O urbanista Canagé Vilhena, morador de Vargem Grande, enxerga outras falhas na legislação atual. Segundo ele, a lei 188 é confusa e imprecisa ao tratar de loteamentos e condomínios.

— Loteamento é um antigo terreno que foi dividido. A partir disso, as novas unidades são individuais. Já o condomínio é um terreno que não foi dividido, uma propriedade particular, com copropriedades. O parcelamento do solo não prevê copropriedade. Mas aí o artigo 9 da lei 188 diz que, após a regularização, a secretaria deve informar se a ocupação é loteamento, grupamento ou vila. Acontece que esta lei só contempla loteamentos — explica Canagé.

Para ele, as leis de 2015 e 2016 foram criadas com finalidade eleitoreira, já que só beneficiavam as Vargens e Jacarepaguá, áreas muito restritas da cidade. O urbanista é descrente ainda da eficácia da lei 188, alegando que, para dar entrada na regularização, o morador precisa apresentar algum título de propriedade, mesmo que do lote total, o que em muitos casos é impossível e justifica a baixa adesão ao processo de regularização e a ausência quase total de legalizações até aqui. Para Canagé, a melhor solução seria a transformação das áreas a serem legalizadas em AEIS.

— Na audiência pública, a prefeitura disse que só 20% dos 170 loteamentos que deram entrada nos pedidos conseguiram atender às exigências. Quem não tem título de propriedade não vai conseguir. Era preciso haver um tratamento especial para esses casos, através de AEIS. Outra pendência que pode atrapalhar são os autos de infração. Como são irregulares, os loteamentos devem ter sido multados em algum momento da prefeitura. Será que isso foi pago? Ou está na Dívida Ativa?

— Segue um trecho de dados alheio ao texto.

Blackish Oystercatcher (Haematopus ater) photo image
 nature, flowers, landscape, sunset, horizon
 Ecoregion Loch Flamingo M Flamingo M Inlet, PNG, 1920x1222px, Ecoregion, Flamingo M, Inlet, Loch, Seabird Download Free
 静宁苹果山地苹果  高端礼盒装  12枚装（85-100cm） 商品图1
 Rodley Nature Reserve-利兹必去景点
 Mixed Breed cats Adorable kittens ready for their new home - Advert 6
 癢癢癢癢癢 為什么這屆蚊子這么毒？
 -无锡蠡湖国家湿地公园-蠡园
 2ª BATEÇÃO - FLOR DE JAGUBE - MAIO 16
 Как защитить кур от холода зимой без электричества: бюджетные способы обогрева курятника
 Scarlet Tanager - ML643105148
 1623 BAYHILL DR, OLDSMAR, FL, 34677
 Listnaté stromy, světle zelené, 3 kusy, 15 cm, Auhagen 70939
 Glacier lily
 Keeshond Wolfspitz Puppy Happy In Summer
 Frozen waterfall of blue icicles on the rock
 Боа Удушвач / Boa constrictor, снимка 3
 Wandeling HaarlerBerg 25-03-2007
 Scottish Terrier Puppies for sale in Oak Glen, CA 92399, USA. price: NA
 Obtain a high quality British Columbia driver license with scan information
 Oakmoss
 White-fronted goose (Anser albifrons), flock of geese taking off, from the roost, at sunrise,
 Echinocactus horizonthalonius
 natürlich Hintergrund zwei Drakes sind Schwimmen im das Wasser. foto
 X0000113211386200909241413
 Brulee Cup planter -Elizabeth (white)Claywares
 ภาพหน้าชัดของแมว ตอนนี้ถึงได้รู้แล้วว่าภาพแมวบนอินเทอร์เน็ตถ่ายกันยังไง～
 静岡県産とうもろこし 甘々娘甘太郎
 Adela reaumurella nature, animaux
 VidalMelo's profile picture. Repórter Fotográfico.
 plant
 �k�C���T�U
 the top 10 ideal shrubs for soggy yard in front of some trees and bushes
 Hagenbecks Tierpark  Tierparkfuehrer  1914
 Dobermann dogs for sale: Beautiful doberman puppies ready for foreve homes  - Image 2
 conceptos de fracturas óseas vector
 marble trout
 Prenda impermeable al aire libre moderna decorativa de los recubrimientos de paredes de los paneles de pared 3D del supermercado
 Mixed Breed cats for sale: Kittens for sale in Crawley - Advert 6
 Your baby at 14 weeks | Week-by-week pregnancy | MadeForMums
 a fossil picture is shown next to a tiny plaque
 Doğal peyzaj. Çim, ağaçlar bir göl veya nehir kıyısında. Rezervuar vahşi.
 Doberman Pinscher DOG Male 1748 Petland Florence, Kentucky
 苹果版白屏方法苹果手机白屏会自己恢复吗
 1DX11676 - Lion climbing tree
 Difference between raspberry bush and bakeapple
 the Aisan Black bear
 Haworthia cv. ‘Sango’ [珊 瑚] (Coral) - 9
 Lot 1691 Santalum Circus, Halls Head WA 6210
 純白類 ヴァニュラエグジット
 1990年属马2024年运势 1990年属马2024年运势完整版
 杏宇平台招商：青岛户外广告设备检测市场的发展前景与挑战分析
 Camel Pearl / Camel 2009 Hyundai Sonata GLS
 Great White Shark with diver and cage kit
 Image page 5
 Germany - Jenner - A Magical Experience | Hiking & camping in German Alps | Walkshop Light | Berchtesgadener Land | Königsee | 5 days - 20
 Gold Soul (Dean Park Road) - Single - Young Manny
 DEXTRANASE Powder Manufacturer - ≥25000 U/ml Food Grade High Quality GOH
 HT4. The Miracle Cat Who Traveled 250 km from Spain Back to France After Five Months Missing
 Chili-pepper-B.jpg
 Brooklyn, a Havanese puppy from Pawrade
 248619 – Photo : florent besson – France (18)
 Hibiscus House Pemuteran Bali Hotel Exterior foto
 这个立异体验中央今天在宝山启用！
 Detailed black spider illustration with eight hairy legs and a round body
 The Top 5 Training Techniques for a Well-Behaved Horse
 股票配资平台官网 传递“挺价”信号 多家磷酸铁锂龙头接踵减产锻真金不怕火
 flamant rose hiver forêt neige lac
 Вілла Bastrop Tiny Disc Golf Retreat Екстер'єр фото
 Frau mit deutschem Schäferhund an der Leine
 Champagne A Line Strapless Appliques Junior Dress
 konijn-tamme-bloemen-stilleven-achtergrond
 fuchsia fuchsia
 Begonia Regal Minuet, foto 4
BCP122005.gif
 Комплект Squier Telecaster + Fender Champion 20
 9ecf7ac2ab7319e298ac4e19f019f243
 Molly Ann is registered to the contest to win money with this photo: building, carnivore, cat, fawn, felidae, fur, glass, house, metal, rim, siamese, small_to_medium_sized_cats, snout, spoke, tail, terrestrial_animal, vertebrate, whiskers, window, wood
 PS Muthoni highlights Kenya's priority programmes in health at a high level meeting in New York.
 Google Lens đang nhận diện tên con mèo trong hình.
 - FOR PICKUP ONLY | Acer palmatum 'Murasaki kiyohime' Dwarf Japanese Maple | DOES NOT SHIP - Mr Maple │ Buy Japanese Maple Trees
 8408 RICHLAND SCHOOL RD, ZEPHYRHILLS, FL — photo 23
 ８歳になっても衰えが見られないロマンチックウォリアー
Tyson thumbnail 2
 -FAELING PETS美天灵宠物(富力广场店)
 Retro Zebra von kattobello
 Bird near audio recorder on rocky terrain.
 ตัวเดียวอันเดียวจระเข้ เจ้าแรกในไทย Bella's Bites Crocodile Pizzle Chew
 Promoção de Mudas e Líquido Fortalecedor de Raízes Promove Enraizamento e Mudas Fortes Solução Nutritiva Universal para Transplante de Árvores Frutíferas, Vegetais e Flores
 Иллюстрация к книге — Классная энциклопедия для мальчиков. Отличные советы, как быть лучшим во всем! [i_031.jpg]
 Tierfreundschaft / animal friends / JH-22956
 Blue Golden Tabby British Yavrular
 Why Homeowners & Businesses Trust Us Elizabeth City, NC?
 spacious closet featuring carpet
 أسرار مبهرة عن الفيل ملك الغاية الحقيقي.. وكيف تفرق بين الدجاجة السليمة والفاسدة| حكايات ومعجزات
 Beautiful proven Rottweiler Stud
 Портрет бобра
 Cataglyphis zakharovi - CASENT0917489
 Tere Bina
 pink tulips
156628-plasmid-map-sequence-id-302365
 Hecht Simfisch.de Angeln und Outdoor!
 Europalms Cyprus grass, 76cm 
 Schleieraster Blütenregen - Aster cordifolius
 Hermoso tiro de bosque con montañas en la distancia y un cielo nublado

Na opinião de Rogerio Appelt, morador de Vargem Grande e membro da comissão de moradores que luta pelas regularizações, as multas não representam uma pendência relevante.

— Como os valores eram pequenos, acho que não prosperaram. E a prefeitura tem prazo para cobrá-los judicialmente— afirma.

Appelt esteve na reunião com a secretária Valéria Hazan na semana passada e definiu o encontro como produtivo. Depois de muitos anos de luta pela regularização, ele compartilha do sentimento de frustração de outros moradores, que não enxergam fim no túnel dos processos administrativos, mas acha que, agora, com a lei 188, as legalizações podem avançar.

— Quando começarem a legalizar de fato, as pessoas devem se motivar a dar entrada nos processos. A verdade é que o debate está acalorado, mas a própria lei federal obriga a prefeitura a resolver esse passivo. É uma demanda antiga, que precisa ser atendida — explica Appelt.